----- INFORMATION SHOWN -----

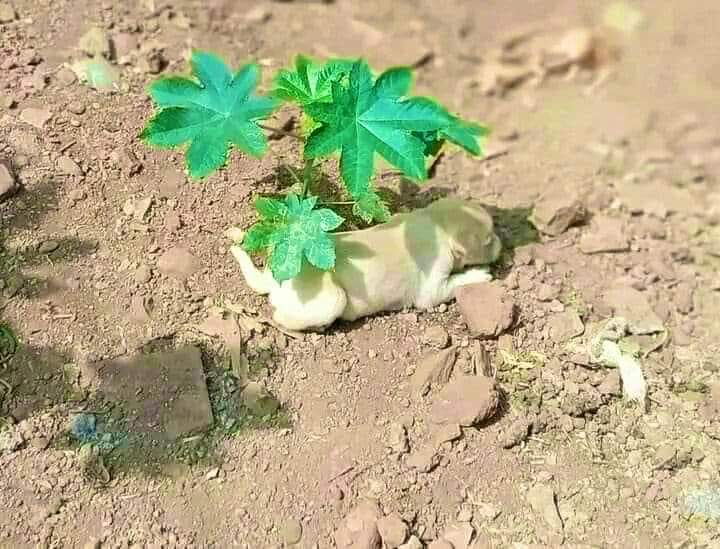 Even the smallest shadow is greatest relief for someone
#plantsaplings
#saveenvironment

-----
----- INFORMATION SHOWN -----

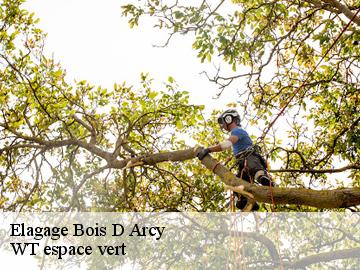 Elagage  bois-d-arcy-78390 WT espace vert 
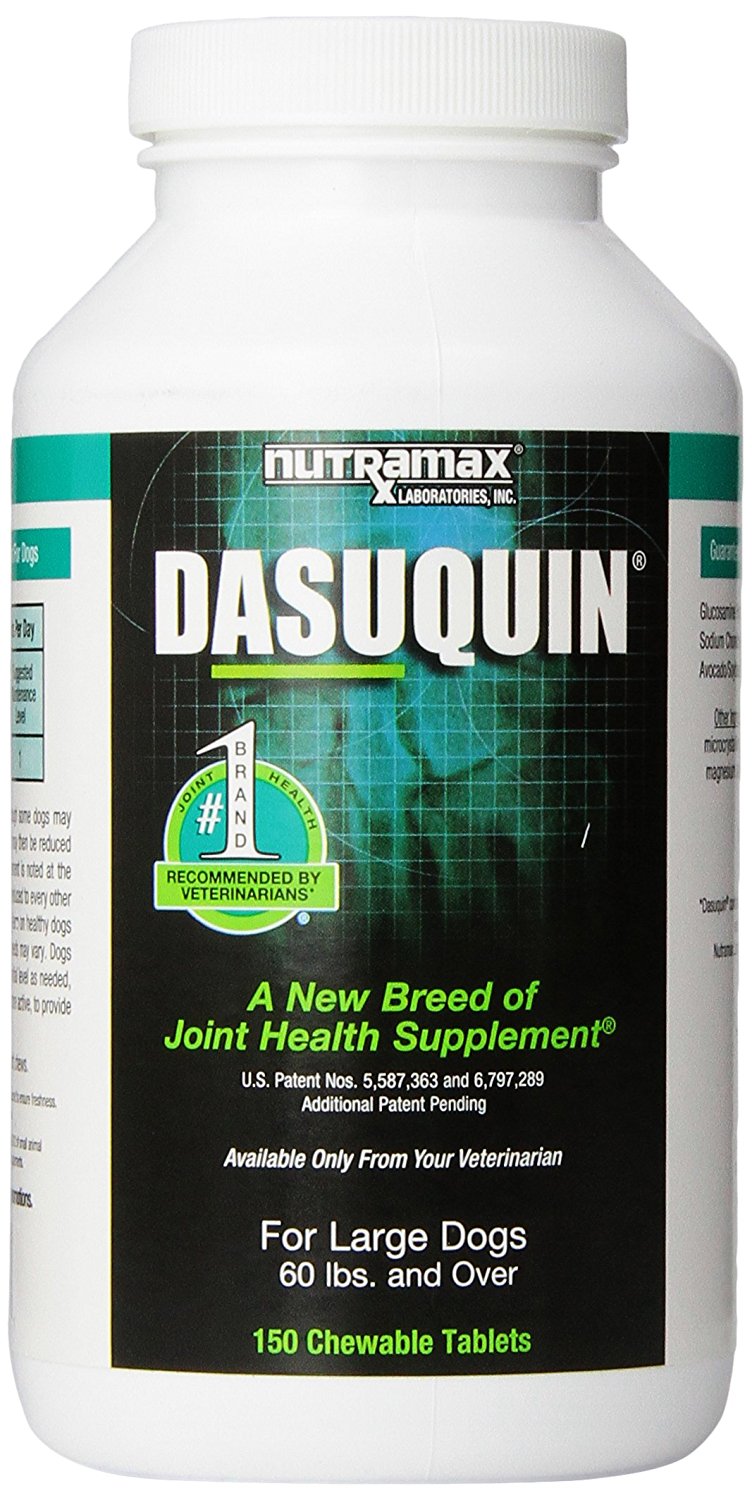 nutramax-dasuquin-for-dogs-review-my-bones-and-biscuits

-----
----- INFORMATION SHOWN -----

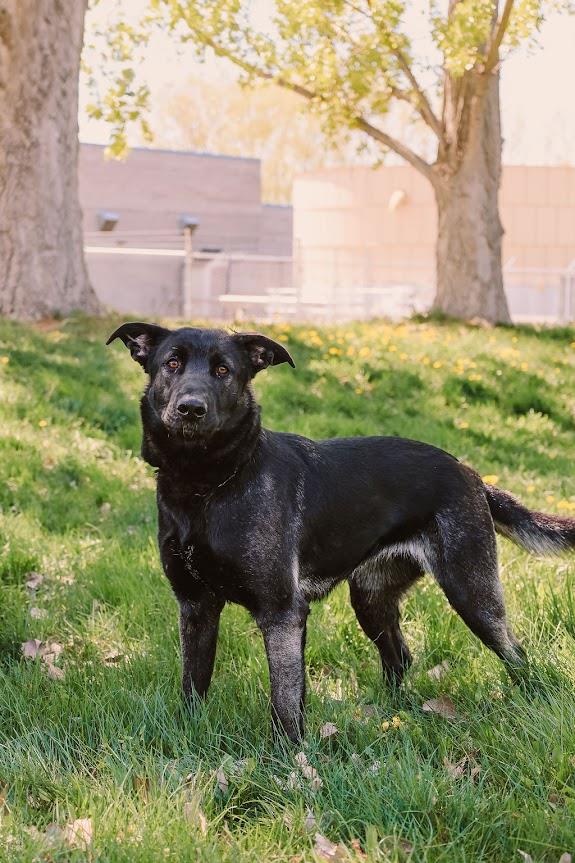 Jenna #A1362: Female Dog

-----

* **DIRECTIONS FOR THIS TASK**
Above are the records. Copy only the lines from the one with "Even the smallest" through the one with "#saveenvironment", exactly, with no pictures.

* **WRITTEN SOLUTION**
 Even the smallest shadow is greatest relief for someone
#plantsaplings
#saveenvironment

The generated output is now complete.